▶ Entries taken from a collection
• • • • •
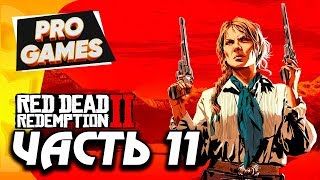 ВСАДНИКИ АПОКАЛИПСИСЫ — RED DEAD REDEMPTION 2 ПРОХОЖДЕНИЕ #11 / #RDR2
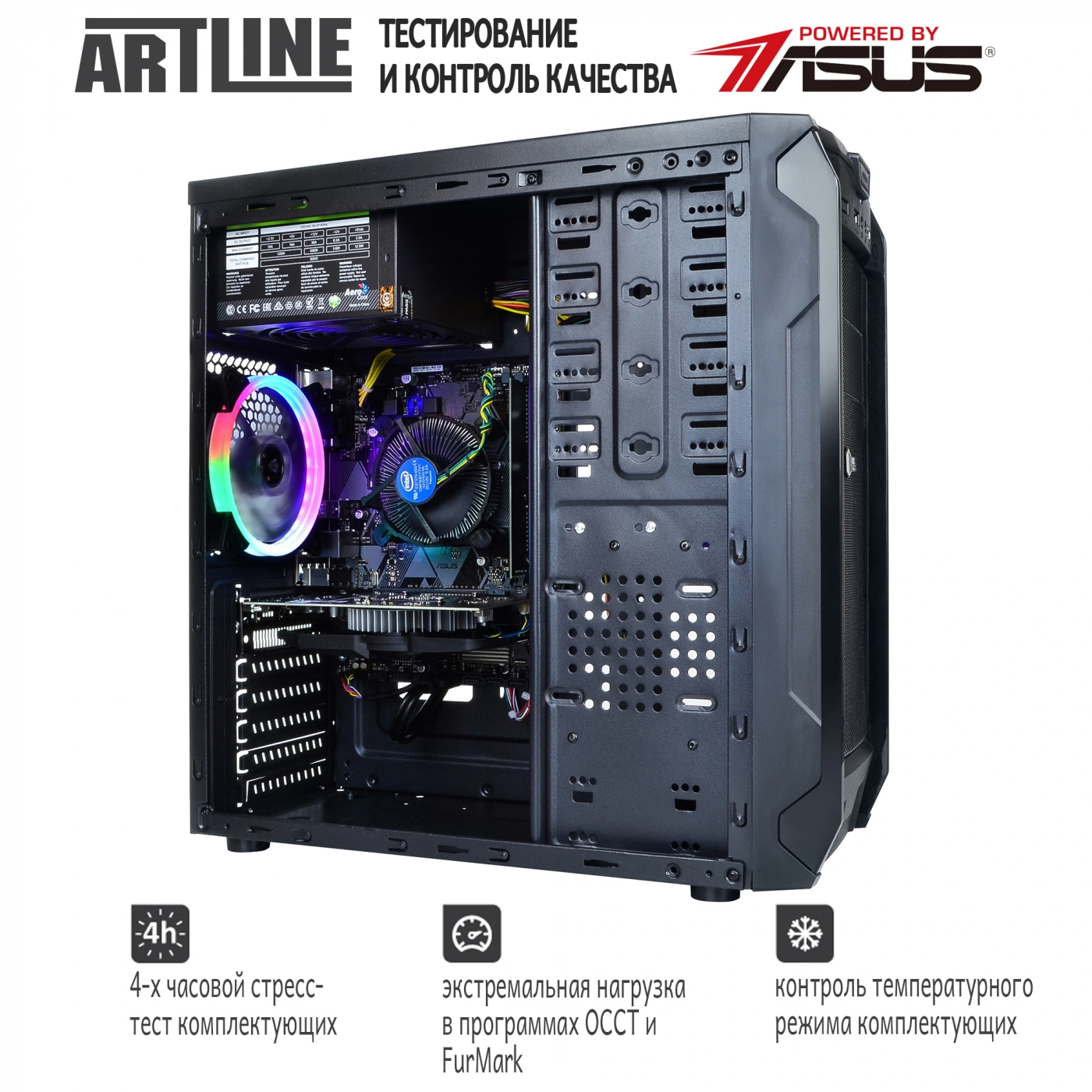 Купить Компьютер ARTLINE Gaming X31v12 - фото 4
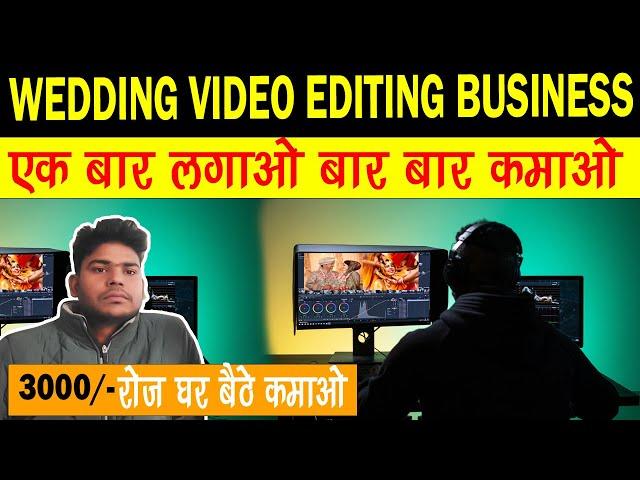 वेडिंग वीडियो एडिटिंग | Wedding video mixing business full detail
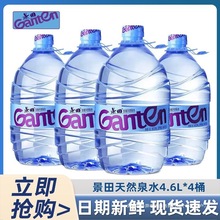 ������ȻȪˮ4.6L*4Ͱ�����؃r����Ͱ�b���ˮ�ǵVȪˮ����ˮ���]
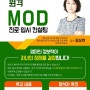 원격MOD진로입시 컨설팅 세미나 개최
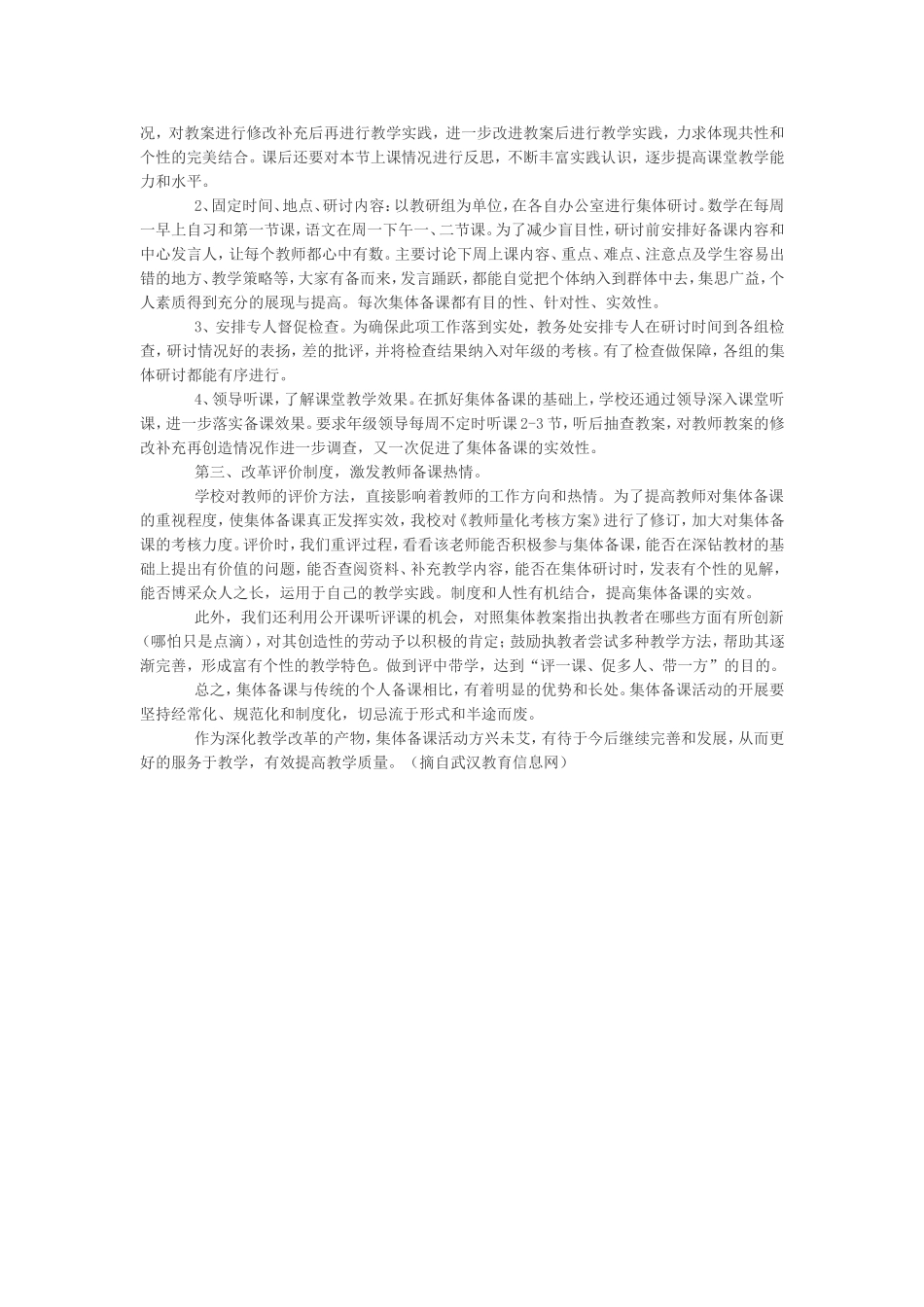 走出集体备课误区的有效策略_第2页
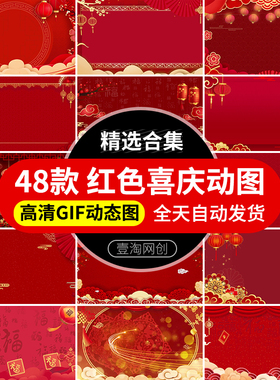 中国风红色喜庆节日春节国庆典GIF动图片PPT插图LED动态背景素材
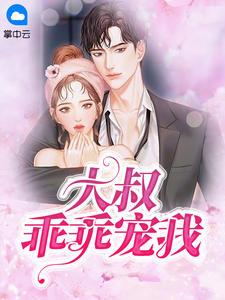 重口味女王虐待男孩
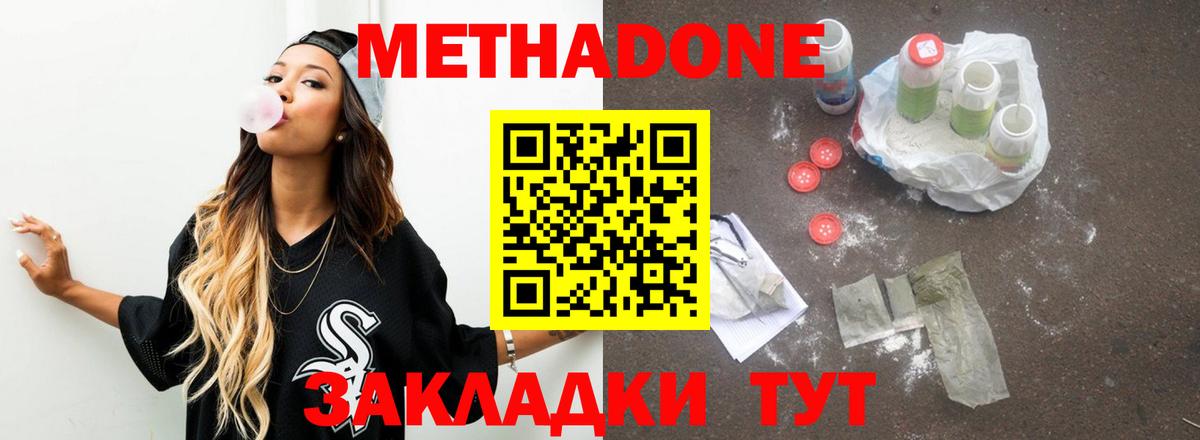 Мытищи  МЕТАДОН кристалл  Вход с VPN 
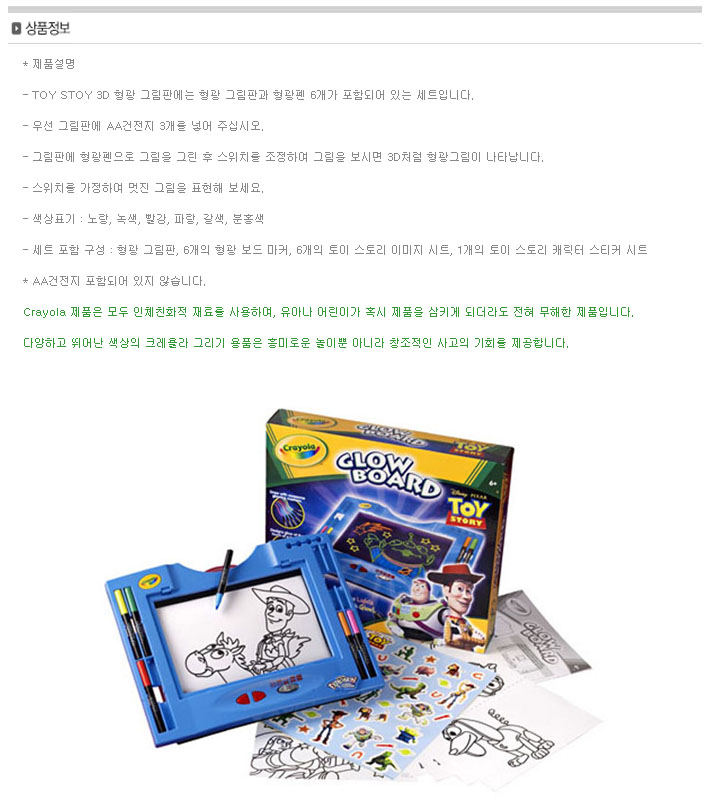 신기한미술쇼떼마블 이미지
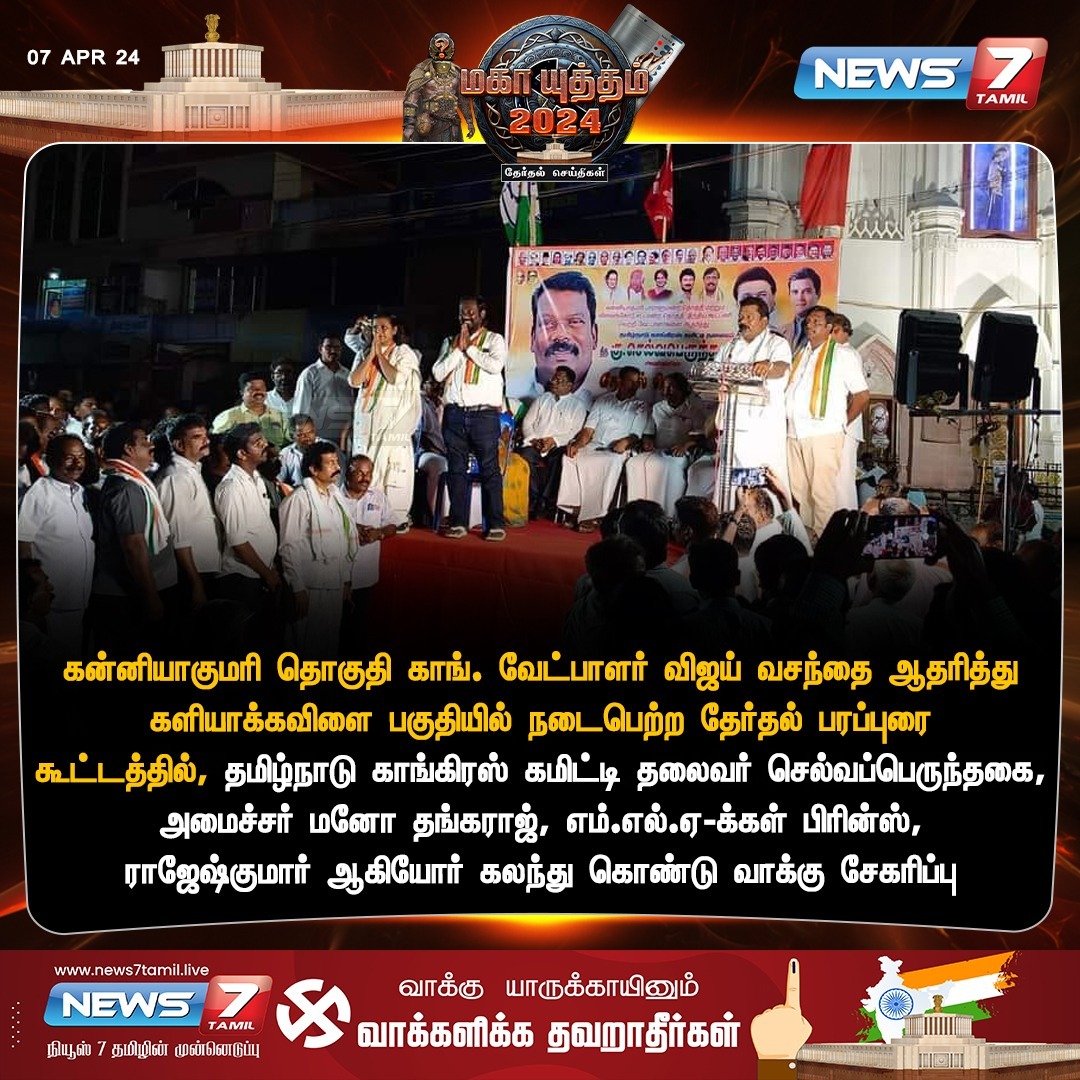 காங். வேட்பாளர் விஜய் வசந்தை ஆதரித்து தமிழக காங். தலைவர் செல்வப்பெருந்தகை பரப்புரை

news7tamil.live | @iamvijayvasanth | #VijayVasanth | #Congress | #TNCC | #selvaperunthagai | #ElectionsWithNews7Tamil | #Election2024 | #Elections2024 | #News7Tamil | #News7TamilUpdates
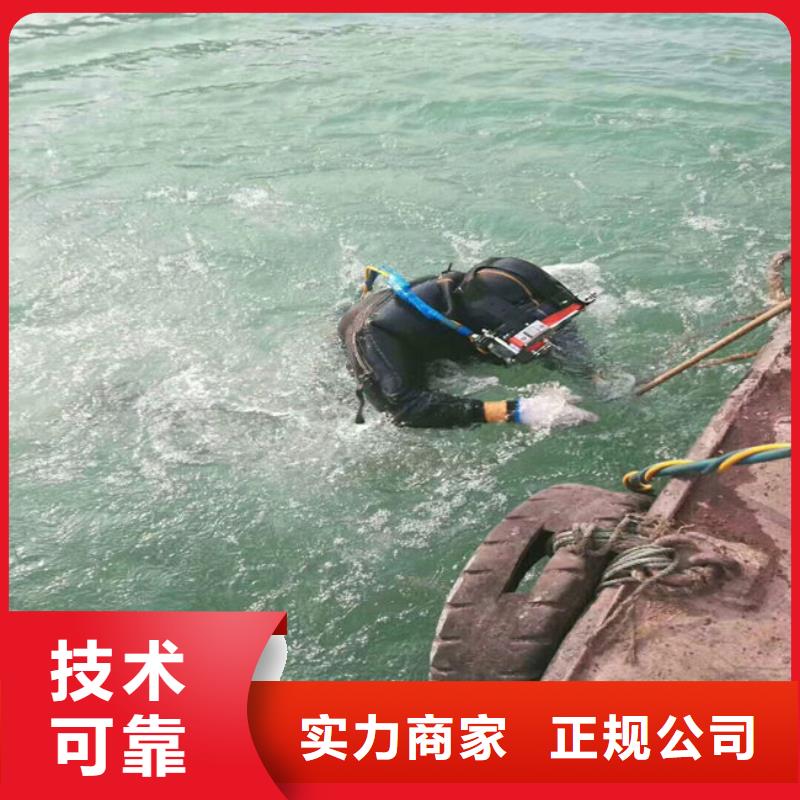 潜水员实力雄厚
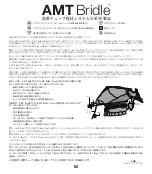 Предварительный просмотр 54 страницы AMT Bridle Pro Directions, Indications, & Contraindications For Use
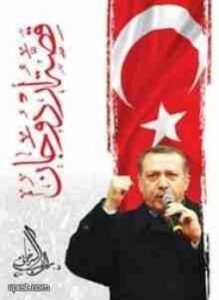 قصة أردوغان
• • • • •
▶ Work to complete
These entries are to be printed again word for word, except for the pictures.

▶ Task answer
 ВСАДНИКИ АПОКАЛИПСИСЫ — RED DEAD REDEMPTION 2 ПРОХОЖДЕНИЕ #11 / #RDR2
 Купить Компьютер ARTLINE Gaming X31v12 - фото 4
 वेडिंग वीडियो एडिटिंग | Wedding video mixing business full detail
 ������ȻȪˮ4.6L*4Ͱ�����؃r����Ͱ�b���ˮ�ǵVȪˮ����ˮ���]
 원격MOD진로입시 컨설팅 세미나 개최
 走出集体备课误区的有效策略_第2页
 中国风红色喜庆节日春节国庆典GIF动图片PPT插图LED动态背景素材
 重口味女王虐待男孩
 Мытищи  МЕТАДОН кристалл  Вход с VPN 
 신기한미술쇼떼마블 이미지
 காங். வேட்பாளர் விஜய் வசந்தை ஆதரித்து தமிழக காங். தலைவர் செல்வப்பெருந்தகை பரப்புரை

news7tamil.live | @iamvijayvasanth | #VijayVasanth | #Congress | #TNCC | #selvaperunthagai | #ElectionsWithNews7Tamil | #Election2024 | #Elections2024 | #News7Tamil | #News7TamilUpdates
 潜水员实力雄厚
 Предварительный просмотр 54 страницы AMT Bridle Pro Directions, Indications, & Contraindications For Use
 قصة أردوغان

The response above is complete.